Choosing a filesystem, apart from the obvious technical features that you want to use is still a personal preference. You should also be aware that "self-healing" can only work when a BTRFS filesystem is assigned more than one drive and the meta/data storage is set accordingly. The most BTRFS can do reliably with a single drive is detect corruptions, and avoid using the corrupted parts of data any further. In the very limited case when the corruption is in the metadata, a second copy may be used to recover it, otherwise all you get is an I/O error and a kernel log entry. Please be aware though that metadata by default is NOT duplicated on SSDs, only on traditional drives.
It's also a good practice to use different filesystems for different types of data to avoid any kernel bugs to affect both drives; but again, BTRFS is famous for being able to detect environmental factors corrupting the data in previously unrecognized ways, so this could be an argument to use BTRFS on both places.

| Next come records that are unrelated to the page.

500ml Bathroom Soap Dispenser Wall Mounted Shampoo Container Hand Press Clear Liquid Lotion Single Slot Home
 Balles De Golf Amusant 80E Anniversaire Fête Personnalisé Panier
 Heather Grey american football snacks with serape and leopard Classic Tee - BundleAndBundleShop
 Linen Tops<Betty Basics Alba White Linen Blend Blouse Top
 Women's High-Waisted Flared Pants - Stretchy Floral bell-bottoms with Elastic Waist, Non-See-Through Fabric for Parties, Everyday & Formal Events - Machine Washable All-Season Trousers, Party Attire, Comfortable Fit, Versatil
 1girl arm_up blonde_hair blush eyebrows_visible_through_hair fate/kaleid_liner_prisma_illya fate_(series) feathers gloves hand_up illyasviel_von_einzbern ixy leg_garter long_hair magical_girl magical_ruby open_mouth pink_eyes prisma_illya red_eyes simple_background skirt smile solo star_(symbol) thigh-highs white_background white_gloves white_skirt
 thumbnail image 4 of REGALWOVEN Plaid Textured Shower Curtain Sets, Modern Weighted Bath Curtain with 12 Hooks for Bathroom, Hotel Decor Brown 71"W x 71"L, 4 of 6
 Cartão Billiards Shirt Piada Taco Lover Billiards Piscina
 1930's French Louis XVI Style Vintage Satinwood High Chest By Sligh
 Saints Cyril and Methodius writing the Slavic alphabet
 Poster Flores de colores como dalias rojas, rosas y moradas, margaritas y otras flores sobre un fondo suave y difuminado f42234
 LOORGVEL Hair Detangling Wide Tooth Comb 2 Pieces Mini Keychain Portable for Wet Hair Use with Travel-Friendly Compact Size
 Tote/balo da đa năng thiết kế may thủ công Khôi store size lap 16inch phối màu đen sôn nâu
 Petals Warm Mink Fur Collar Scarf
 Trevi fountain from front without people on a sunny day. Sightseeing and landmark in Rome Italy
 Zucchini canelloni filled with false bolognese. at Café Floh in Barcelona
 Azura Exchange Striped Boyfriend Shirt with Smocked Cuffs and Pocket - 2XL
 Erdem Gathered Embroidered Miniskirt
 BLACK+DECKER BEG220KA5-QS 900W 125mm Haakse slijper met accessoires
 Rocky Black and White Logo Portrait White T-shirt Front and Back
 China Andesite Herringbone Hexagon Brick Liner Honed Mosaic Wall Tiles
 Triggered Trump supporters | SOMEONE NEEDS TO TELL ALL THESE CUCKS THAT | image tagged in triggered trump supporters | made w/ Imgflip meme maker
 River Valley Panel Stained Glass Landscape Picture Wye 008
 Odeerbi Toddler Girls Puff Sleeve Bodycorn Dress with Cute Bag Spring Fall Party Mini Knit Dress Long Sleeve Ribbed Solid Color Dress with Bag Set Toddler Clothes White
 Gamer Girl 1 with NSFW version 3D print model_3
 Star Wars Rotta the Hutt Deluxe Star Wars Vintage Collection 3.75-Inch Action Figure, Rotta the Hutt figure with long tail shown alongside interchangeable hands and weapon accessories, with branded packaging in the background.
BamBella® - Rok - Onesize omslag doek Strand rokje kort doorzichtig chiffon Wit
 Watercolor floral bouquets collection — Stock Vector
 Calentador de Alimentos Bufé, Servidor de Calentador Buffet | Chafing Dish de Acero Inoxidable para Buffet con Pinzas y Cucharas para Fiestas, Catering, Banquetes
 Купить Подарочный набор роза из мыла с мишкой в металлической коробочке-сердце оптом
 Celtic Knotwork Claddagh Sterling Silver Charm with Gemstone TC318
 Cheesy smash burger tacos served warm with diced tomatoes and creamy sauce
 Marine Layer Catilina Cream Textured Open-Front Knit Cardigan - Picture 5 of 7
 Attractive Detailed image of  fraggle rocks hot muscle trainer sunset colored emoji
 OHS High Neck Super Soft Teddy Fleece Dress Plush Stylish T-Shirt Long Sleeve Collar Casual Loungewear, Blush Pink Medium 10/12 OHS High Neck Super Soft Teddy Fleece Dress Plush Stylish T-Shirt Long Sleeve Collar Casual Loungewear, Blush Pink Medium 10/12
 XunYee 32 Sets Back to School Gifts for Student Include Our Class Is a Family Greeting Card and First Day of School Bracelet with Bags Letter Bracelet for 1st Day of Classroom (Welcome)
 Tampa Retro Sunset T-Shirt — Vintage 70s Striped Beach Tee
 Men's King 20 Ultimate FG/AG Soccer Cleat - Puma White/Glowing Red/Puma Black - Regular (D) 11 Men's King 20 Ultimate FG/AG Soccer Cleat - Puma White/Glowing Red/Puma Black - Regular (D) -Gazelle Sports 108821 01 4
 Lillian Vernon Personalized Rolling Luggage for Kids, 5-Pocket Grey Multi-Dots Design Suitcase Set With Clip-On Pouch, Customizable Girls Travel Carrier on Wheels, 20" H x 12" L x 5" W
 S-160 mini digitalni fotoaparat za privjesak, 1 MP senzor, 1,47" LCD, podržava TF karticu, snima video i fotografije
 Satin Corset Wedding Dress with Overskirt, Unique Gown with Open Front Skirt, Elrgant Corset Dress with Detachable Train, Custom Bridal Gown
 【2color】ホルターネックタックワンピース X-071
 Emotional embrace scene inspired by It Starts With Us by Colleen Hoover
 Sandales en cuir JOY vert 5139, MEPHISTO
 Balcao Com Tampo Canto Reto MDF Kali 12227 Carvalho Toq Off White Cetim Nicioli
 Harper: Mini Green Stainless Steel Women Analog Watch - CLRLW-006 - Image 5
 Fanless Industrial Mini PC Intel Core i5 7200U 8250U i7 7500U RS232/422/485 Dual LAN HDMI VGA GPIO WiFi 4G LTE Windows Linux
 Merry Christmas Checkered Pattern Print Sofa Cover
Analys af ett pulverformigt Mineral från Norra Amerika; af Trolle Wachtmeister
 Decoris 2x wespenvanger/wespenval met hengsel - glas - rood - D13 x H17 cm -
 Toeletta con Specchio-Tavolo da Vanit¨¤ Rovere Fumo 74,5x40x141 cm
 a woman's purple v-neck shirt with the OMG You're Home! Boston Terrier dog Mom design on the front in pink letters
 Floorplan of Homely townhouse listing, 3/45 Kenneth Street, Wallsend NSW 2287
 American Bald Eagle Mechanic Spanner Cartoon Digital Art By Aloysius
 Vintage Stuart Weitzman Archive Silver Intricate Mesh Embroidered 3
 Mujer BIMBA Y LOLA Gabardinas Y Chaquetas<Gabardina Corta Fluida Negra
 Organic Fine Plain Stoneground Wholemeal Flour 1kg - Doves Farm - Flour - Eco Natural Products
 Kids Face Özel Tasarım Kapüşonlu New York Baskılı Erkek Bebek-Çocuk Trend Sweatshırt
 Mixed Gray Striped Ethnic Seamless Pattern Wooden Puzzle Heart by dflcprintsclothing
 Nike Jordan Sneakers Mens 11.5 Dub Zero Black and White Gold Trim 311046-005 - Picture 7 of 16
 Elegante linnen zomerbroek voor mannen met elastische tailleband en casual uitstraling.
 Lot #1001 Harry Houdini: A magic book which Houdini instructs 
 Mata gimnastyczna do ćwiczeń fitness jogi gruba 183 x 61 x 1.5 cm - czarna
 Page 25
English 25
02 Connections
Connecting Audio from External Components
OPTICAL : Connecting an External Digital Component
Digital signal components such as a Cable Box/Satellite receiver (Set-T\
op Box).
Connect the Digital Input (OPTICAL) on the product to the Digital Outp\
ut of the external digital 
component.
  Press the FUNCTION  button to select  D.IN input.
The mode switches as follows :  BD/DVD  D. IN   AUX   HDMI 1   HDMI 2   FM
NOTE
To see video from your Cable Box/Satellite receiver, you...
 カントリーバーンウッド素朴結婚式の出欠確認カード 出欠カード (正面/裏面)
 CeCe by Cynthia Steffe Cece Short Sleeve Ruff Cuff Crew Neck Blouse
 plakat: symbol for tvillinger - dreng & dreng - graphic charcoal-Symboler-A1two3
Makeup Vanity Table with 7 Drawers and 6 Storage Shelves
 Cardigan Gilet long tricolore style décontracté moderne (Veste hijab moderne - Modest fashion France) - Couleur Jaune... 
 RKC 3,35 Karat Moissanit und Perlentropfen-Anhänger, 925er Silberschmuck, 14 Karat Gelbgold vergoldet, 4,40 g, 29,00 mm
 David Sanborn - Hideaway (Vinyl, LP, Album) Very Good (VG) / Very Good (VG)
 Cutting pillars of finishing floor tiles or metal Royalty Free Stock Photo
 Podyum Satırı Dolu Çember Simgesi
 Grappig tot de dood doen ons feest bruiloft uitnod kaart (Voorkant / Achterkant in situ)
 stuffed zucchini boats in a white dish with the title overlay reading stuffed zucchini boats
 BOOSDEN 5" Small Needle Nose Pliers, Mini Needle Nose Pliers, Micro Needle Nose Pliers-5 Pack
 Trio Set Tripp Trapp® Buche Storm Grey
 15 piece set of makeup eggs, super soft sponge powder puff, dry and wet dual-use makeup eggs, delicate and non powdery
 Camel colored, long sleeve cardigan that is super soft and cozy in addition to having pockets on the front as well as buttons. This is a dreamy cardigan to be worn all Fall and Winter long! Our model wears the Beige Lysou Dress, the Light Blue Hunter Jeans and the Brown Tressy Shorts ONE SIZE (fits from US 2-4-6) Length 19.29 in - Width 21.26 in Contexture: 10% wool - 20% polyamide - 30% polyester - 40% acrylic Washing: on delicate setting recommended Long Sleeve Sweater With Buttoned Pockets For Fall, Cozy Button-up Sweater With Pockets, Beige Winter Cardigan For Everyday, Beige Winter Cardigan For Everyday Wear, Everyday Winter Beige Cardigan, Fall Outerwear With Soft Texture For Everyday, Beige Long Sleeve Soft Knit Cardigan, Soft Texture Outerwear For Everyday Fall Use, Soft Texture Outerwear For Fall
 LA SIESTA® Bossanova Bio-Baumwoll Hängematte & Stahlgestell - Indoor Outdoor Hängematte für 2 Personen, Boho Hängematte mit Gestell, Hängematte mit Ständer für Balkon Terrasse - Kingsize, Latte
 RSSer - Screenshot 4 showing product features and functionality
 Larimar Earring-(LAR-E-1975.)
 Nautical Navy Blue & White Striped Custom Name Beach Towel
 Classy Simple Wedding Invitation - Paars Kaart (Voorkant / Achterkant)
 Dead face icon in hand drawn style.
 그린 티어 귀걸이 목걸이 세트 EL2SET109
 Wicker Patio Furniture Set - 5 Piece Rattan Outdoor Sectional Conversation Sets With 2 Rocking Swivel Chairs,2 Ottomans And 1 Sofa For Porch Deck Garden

Using two different filesystems is also wise from the point of view that BTRFS was not the easiest to use on different platforms - if all your backups are on a portable drive with ext4, chances are you can easily access them anywhere else, but just the same, you can use any modern live CD to access BTRFS data
Just about the only drawback of a BTRFS backup drive is that if something is badly messed up, recovering just to access your data might be more complicated than an fsck, but due to the error detection, I've had great luck on a 3-drive RAID5 system where two drives started acting up simultaneously, and one of them actually dropped off the bus until a poweroff. With BTRFS, I was able to copy off most of my data, flagging the few unimportant recently changes files that were corrupt.
For any BTRFS user, the most useful part of having a BTRFS filesystem is quick snapshots, but they need to be managed manually, and you can run out of disk space if you use them with no consideration.
A further advantage of the the BTRFS snapshots is the incremental backup between them - i.e. if you make snapshots on subvolumes with very large files that have only few blocks of changes (i.e. lightly used VMs, some types of database files, mailbox archives), the incremental btrfs send
can be used to reconstruct the few actual changes, instead of shipping entire files over; which would happen if you used rsync
to copy snapshots to the cold drive.
But again, this is only an advantage if both the source and the destination of the backups are BTRFS.
One way around this would be to use BTRFS as the work drive, with snapshots used heavily, then using an external drive as ext2/ext3/ext4 only to store btrfs send
images for full and frequent incremental backups; for data integrity, using hashes on the stored btrfs send
files, and using something like par2
to generate additional parity to ensure recoverability from corrupted/deleted files.
This above could sound like my dream backup system, however, it's really cold store indeed - you cannot recover any part of data without reimporting it on a new BTRFS volume with sufficient space, and testing that the procedure is safe can be quite difficult or error-prone.